- **Task statement**:
Below are some records. Output the lines from the first one through the line that holds "Vertikal pflanzen (eBook, ePUB)", exactly as written, with no pictures.

Short text fragments from websites:
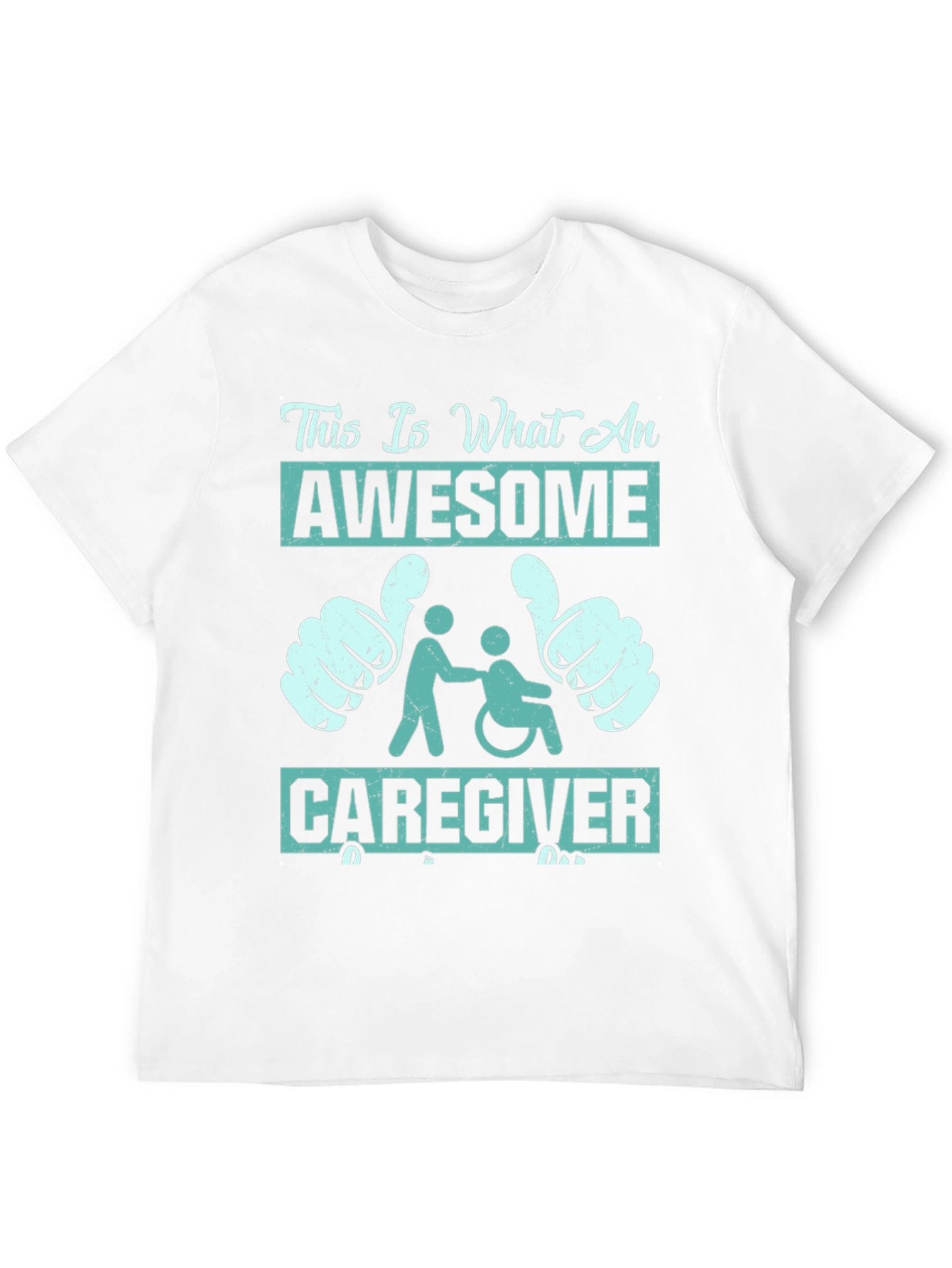 Awesome Caregiver T-Shirt - Support & Appreciation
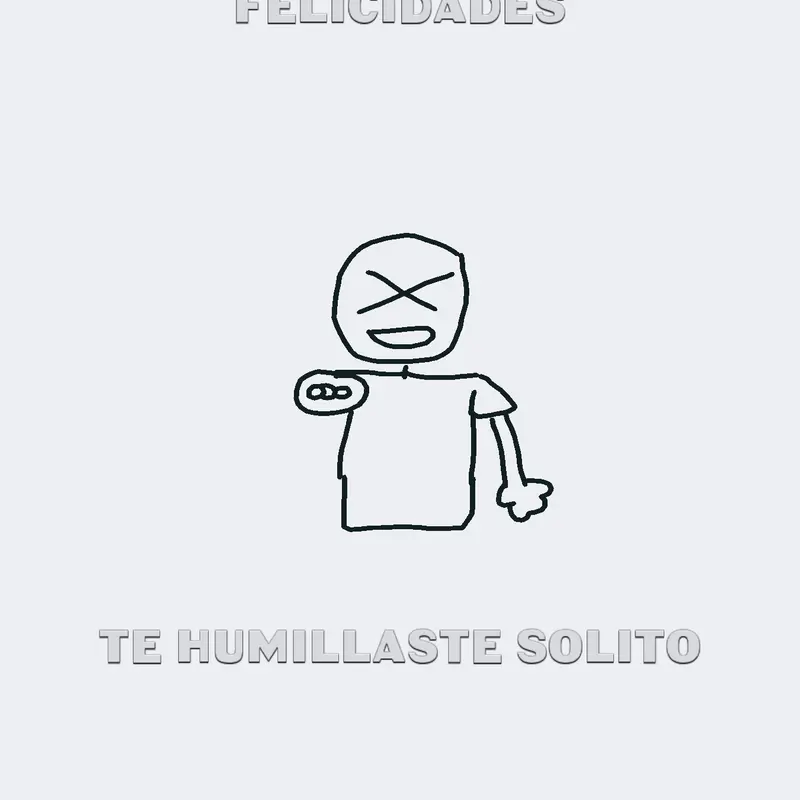 Felicidades te humillaste solito by @sonic_el_eyekon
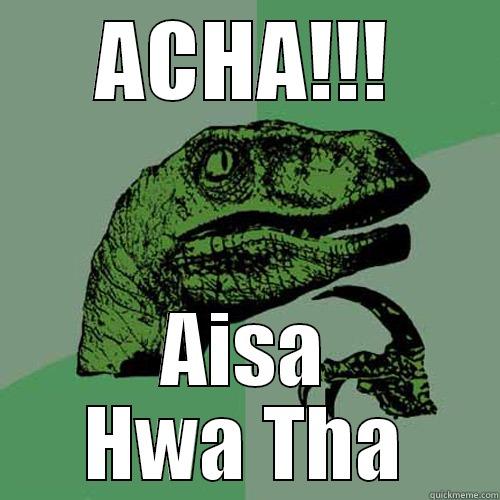 ACHA!!! AISA HWA THA Philosoraptor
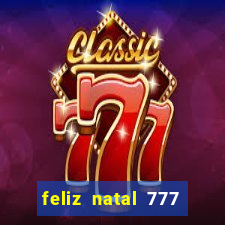 feliz natal 777 plataforma login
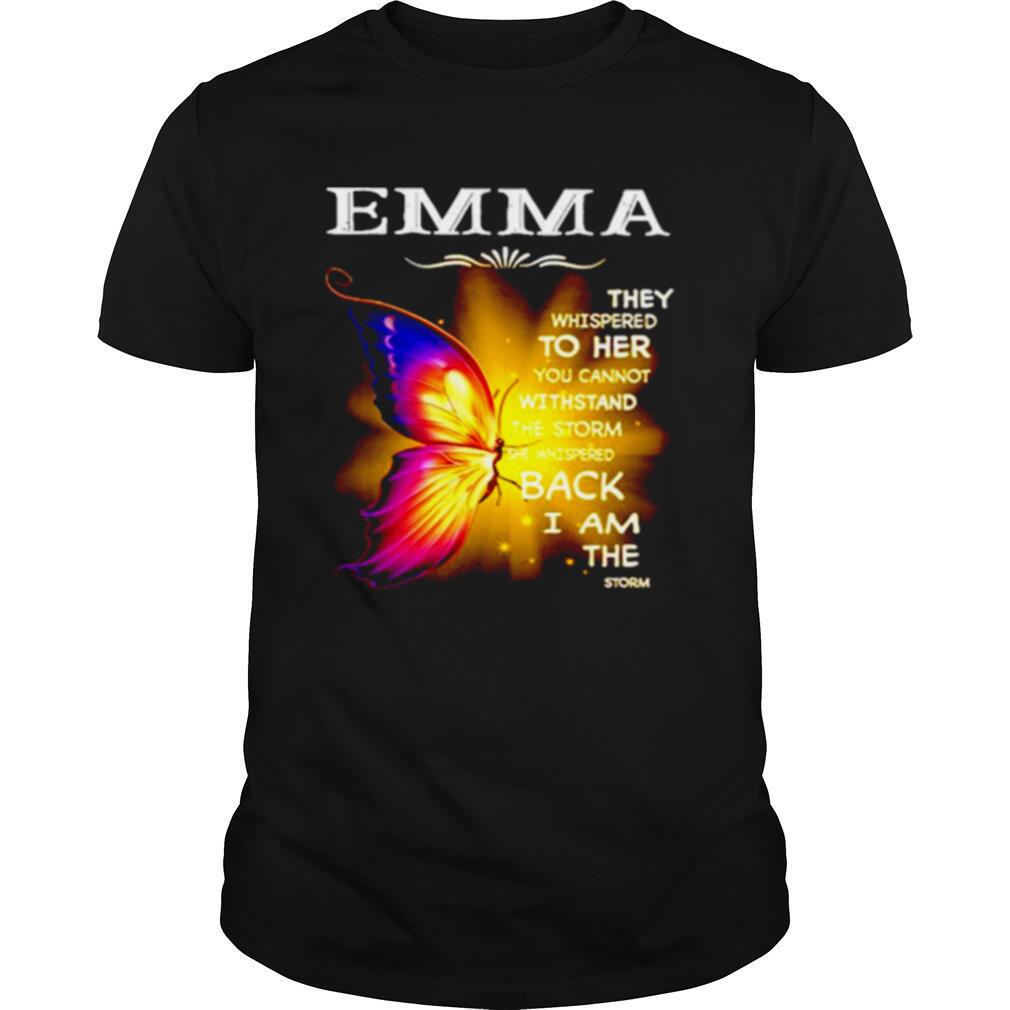 Emma They Whispered To Her You Cannot Withstand The Storm She Whispered Back I Am The Storm shirt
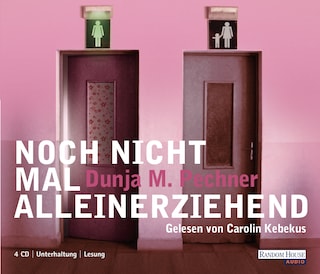 Noch nicht mal alleinerziehend als Hörbuch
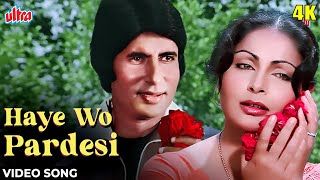 Haye Wo Pardesi 4K Song  Barsaat Ki Ek Raat  Lata MangeshkarRD Burman  Amitabh BachchanRakhee [upl. by Eiznekam]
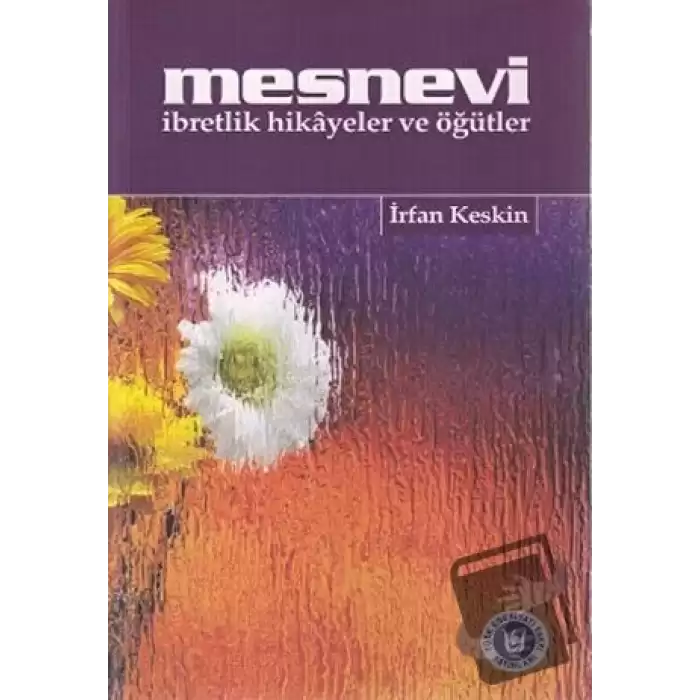 Mesnevi İbretlik Hikayeler ve Öğütler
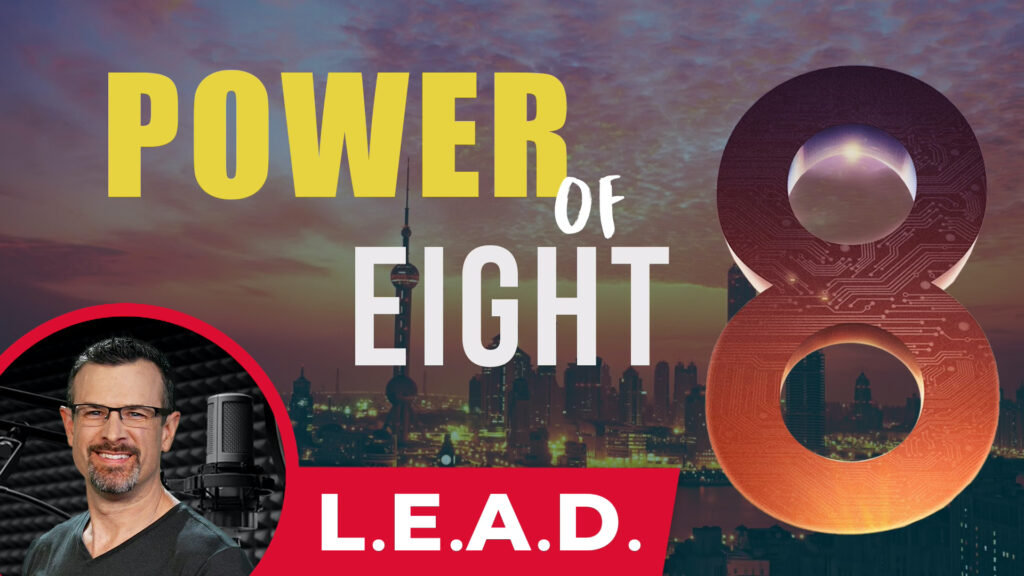 L.E.A.D. - Power of Eight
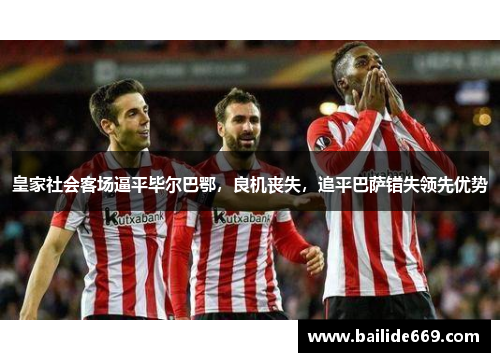 皇家社会客场逼平毕尔巴鄂，良机丧失，追平巴萨错失领先优势
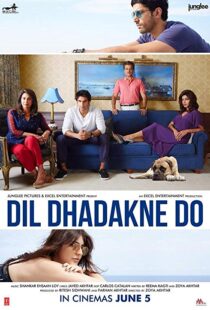 دانلود فیلم هندی Dil Dhadakne Do 201522003-339409756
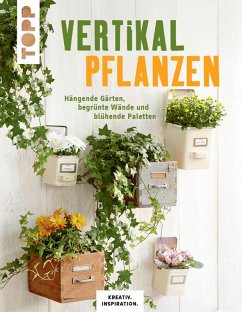 Vertikal pflanzen (eBook, ePUB) - Skudlik, Lena; Weimann, Susanne; Morgenthaler, Patricia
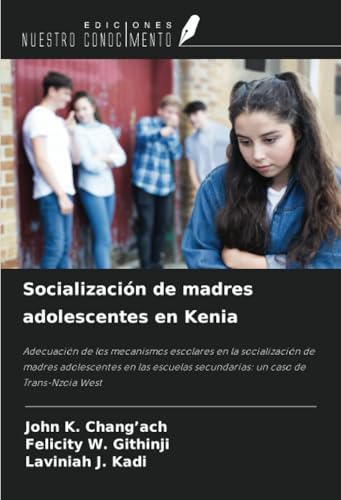 Socialización de madres adolescentes en Kenia: Adecuación de los mecanismos escolares en la socialización de madres adolescentes en las escuelas secundarias: un caso de Trans-Nzoia West von Ediciones Nuestro Conocimiento
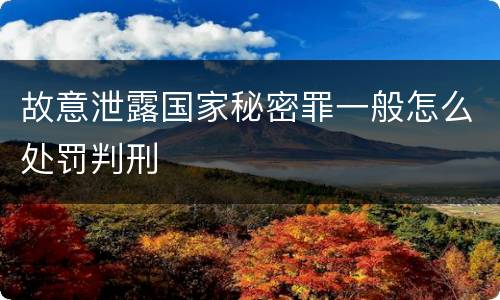 故意泄露国家秘密罪一般怎么处罚判刑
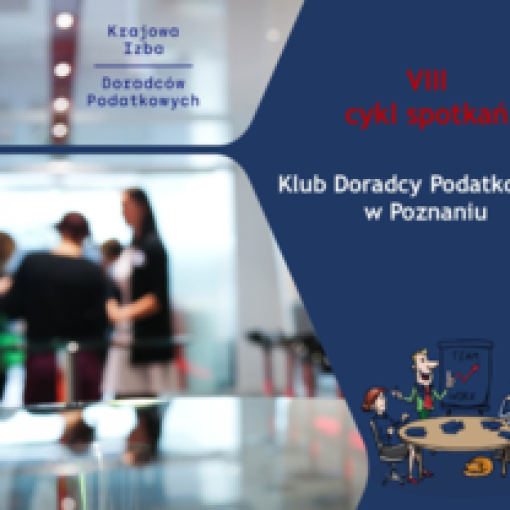 Klub Doradcy Podatkowego w Poznaniu - 17.02.2022 r.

- **Exercise response**:
 Awesome Caregiver T-Shirt - Support & Appreciation
 Felicidades te humillaste solito by @sonic_el_eyekon
 ACHA!!! AISA HWA THA Philosoraptor
 feliz natal 777 plataforma login
 Emma They Whispered To Her You Cannot Withstand The Storm She Whispered Back I Am The Storm shirt
 Noch nicht mal alleinerziehend als Hörbuch
 Haye Wo Pardesi 4K Song  Barsaat Ki Ek Raat  Lata MangeshkarRD Burman  Amitabh BachchanRakhee [upl. by Eiznekam]
 Mesnevi İbretlik Hikayeler ve Öğütler
 L.E.A.D. - Power of Eight
 皇家社会客场逼平毕尔巴鄂，良机丧失，追平巴萨错失领先优势
 دانلود فیلم هندی Dil Dhadakne Do 201522003-339409756
 Vertikal pflanzen (eBook, ePUB) - Skudlik, Lena; Weimann, Susanne; Morgenthaler, Patricia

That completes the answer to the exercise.